I look around through my puffy eye slits. My family is trying their best to smile, to give me a good birthday. I don’t want to screw up this wish. I got stupid and cynical and didn’t wish for anything in Rio. I wished for Enzo to come back to me in Rome, and it came true. It’s so much pressure.
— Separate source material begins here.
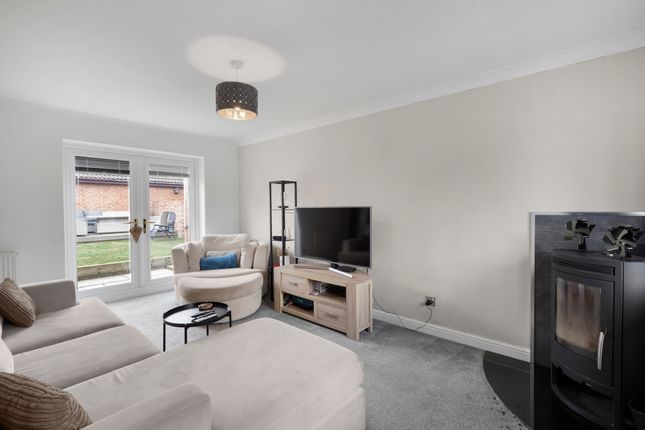 18 Kellington Court, Goole photo 3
If Gram getting better were remotely possible, a wish might just make it happen, and the nightmare would be over. If only.
The logical answer hits me. I know my wish.
Enzo bursts onto the balcony. “Is there any food left?” Everybody shushes him.
“She’s wishing,” Wes mouths.
It’s done. Now I wait.
Mom rests her head on my shoulder. I let her because Gram says I need to let the people come to me. Thanks, Gram. I can already feel the weight of the world on my shoulders.
“How common do you think it is to get hepatitis from tattoo needles?” I ask Janie and Paige. We’re in the cabin, getting ready for the party. Paige is mixing margaritas on the balcony.
“Not very,” Janie says. She stops what she’s doing and looks at me and my scrunch face. “Don’t go there.”
“Go where?”
“Enzo doesn’t have AIDS, you freak.”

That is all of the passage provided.